Brigitte Fürer, directrice de Regio Frauenfeld jusqu’à cet été, a encadré le groupe lors de la première journée en qualité de mentor régional. «Regio Frauenfeld a toujours été ouverte aux projets menés avec des jeunes», indique-t-elle. Le développement régional et le développement durable vont de pair et concernent toujours aussi la jeune génération. Une initiative comme le Next Generation Lab donne de nouvelles impulsions et de l’inspiration. «Il incombe maintenant à la région de reprendre l’idée et de la développer», estime-t-elle.

Sherine Seppey a participé au Next Generation Lab avec deux collègues. Toutes trois ont choisi le val d’Hérens parce qu’elles connaissaient déjà la vallée. La première journée a été très productive. «L’encadrement nous a aidées à nous concentrer sur le cœur de notre idée », commente l’étudiante de la hes-so Valais. Lors de la deuxième journée, on a précisé l’idée et esquissé les étapes d’une réalisation. Elles ont trouvé un partenaire potentiel qui pourrait envisager d’intégrer leur proposition dans son offre touristique.

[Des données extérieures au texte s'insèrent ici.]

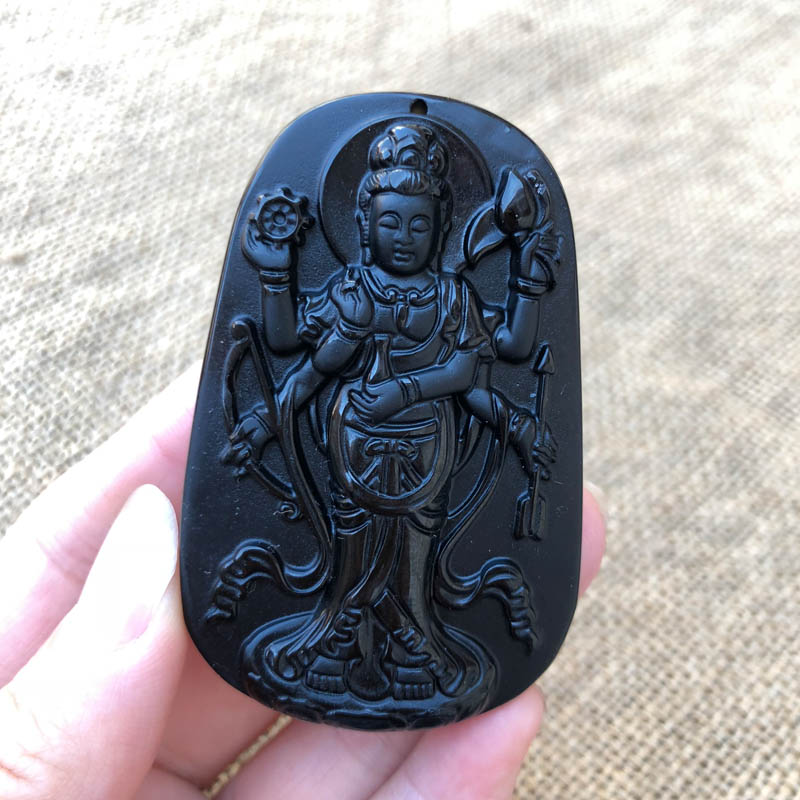 项链天然黑曜石挂件证书观音吊坠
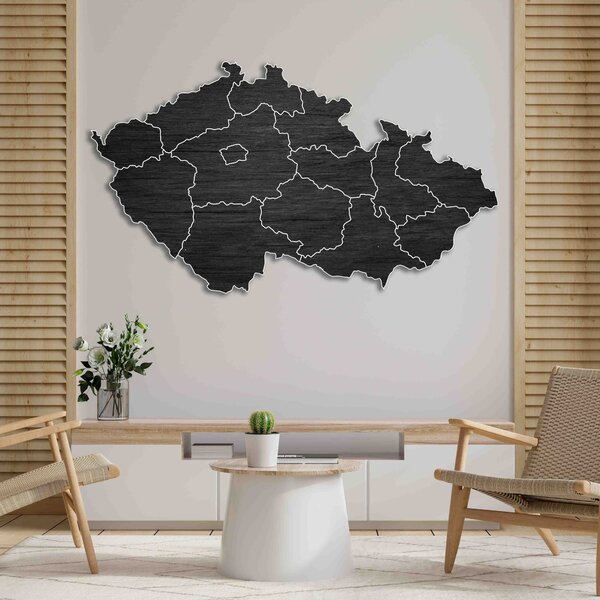 Drevená nástenná mapa Česká republika | 14 dielikov: Prírodná preglejka - Topoľ natural 40 x 70 cm 4180-65511 M002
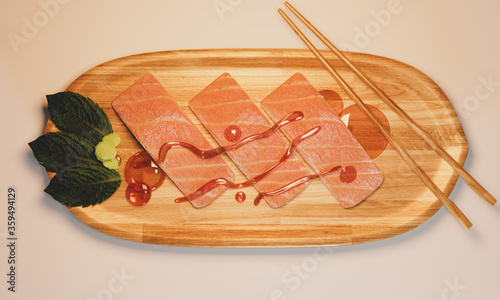 Sashimi salmon fool japanese.3D rendering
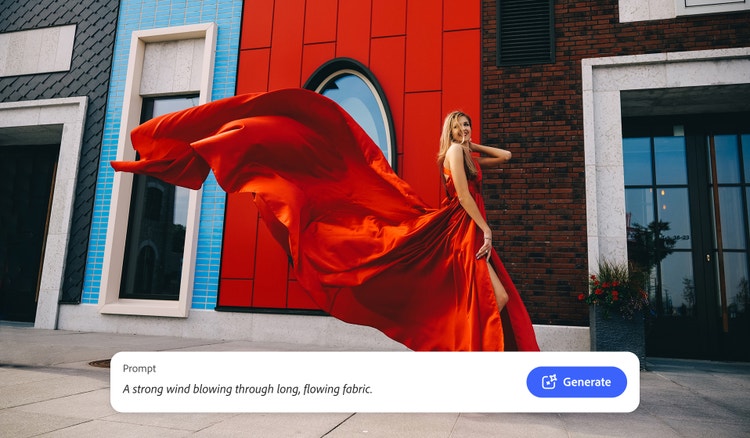 Isang babae sa bangketa na nakasuot ng hinahanging pulang bestida na may Firefly AI sound generator UI na nagpapakita ng text prompt para sa malakas na hanging humihihip at nagbibigay ng sound effect sa gumagalaw na tela.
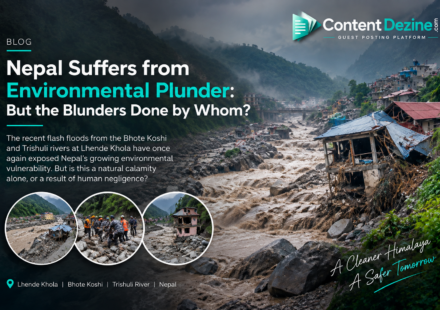 Nepal flash flood disaster at Lhende Khola, showing the Bhote Koshi and Trishuli river region overwhelmed by muddy floodwaters, rocks, debris, and damaged buildings against a misty Himalayan landscape.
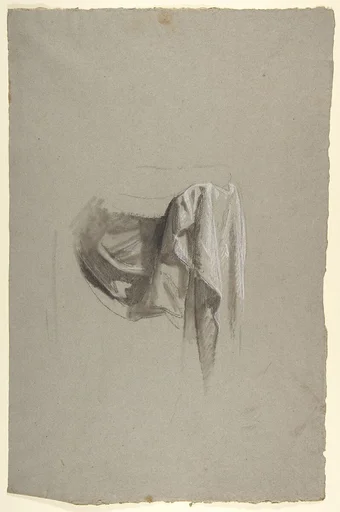 Drapery Study for Figure Holding Crown (middle register); study for wall paintings in the Chapel of Saint Remi, Sainte-Clotilde, Paris, 1858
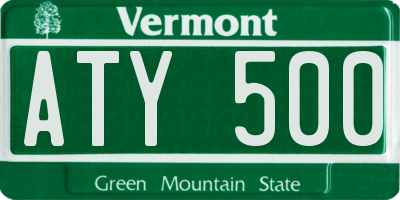 VT license plate ATY500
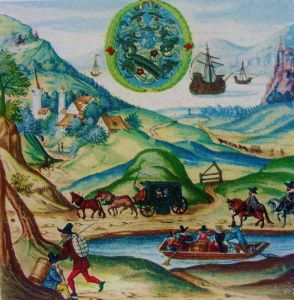 Bild 1 - Reisen zu Fuss, mit Pferdekraft und zu Schiff. Illustration aus Koelner, Paul: Die Basler Rheinschifffahrt vom Mittelalter zur Neuzeit, Basel, 1954, S. 49.
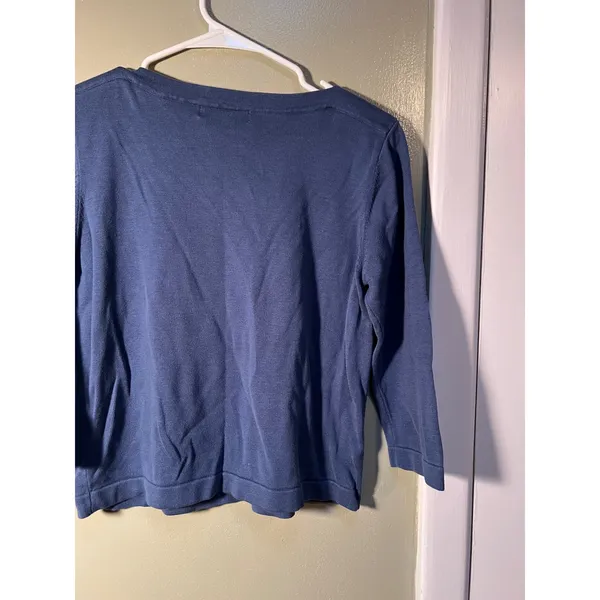 Coldwater Creek Women's Size Small Boatneck Sweater 3/4 Sleeve Blue Gray Silk - Image 7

De l’idée à la mise en œuvre

L’idée de projet est réaliste, estime François Parvex, expert du développement communal et régional qui a encadré l’équipe Bas-Valais à Sion. «Les jeunes ont des idées, mais n’ont pas l’habitude de les mettre en œuvre dans le cadre d’un projet», explique-t-il. Ils ont vécu le Next Generation Lab comme un jeu formateur. Selon François Parvex, les responsables du développement régional pourraient utiliser ce format pour des concours d’idées. Il songe à une sorte de générateur d’idées pour les régions. Il faudrait ensuite mettre à disposition un capital financier de départ pour concrétiser et mettre en œuvre les idées.

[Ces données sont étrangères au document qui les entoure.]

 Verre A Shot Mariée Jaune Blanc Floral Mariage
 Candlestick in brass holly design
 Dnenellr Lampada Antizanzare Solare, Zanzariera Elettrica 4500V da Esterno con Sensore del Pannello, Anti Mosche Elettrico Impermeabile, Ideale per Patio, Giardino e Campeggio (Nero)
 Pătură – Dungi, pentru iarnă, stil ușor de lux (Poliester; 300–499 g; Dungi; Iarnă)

Le membre du jury Maria-Pia Gennaio Franscini, coresponsable des «Projets-modèles pour un développement territorial durabl» auprès de l’Office fédéral du développement territorial (ARE), a en général affaire à des spécialistes. Elle était donc curieuse de voir comment s’organiserait la collaboration avec des jeunes. Voici sa conclusion: «Le degré d’engagement des participants a été impressionnant.» Elle pourrait aussi envisager à l’avenir d’intégrer activement les jeunes et les expériences faites avec différentes méthodes et approches dans les projets-modèles pour un développement territorial durable.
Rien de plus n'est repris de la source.